More than twenty years ago, Annelies came to University College Utrecht out of sheer curiosity. That the college had been established only shortly, did not worry her at all. “It was not that I had any particular plan in mind”, she says. “I thought it would be exciting and went. Although I grew up in a few different places, my background is Dutch, and already for that reason I didn’t mind studying in the Netherlands. Perhaps because I grew up bilingually, I wasn’t scared of studying in a new language, and I quite liked the idea of doing my studies in English. And in any case, I very much wanted to study in an international environment. When we started, the buildings were not fully finished yet, and the curriculum is certainly more comprehensive now than it was back then, but the three years in Utrecht were certainly rewarding.”
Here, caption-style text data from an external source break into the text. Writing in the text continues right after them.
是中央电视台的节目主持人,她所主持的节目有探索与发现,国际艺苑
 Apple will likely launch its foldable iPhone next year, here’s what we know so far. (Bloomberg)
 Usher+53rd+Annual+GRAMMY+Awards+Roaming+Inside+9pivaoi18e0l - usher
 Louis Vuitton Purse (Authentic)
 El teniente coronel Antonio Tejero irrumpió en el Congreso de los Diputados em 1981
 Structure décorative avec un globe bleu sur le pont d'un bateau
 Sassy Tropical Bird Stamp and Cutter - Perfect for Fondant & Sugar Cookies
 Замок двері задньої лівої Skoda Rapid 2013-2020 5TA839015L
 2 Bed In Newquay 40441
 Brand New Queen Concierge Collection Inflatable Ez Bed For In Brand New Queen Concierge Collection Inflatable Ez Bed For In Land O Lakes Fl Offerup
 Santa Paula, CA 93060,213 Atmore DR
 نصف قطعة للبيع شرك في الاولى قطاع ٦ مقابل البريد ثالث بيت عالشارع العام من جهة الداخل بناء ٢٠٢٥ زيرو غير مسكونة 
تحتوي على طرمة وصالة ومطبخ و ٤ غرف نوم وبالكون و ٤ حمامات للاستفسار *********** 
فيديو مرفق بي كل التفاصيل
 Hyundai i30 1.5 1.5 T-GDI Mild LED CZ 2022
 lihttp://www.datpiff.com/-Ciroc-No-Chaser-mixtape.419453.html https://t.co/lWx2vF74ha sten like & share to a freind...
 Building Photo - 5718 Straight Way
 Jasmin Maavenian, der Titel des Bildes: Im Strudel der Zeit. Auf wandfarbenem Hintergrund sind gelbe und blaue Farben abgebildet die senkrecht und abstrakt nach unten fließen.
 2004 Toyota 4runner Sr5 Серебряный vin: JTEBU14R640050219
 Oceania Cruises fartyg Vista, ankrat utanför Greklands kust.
After graduating, Annelies continued her studies with a Master’s programme in Oxford, then moved to London for a job in data sciences and finally came to Mannheim, first to work for the European Social Survey and then at University of Mannheim. “University College Utrecht broadens your horizon. It was actually quite a shocking experience, right after high school. At the college, I felt for the first time in my life that I was allowed to be a nerd, to like learning about many things. I enjoyed the international atmosphere enormously, and perhaps most important of all, I found friends for life there. We still meet every year, and the group keeps growing with more and more children joining in.”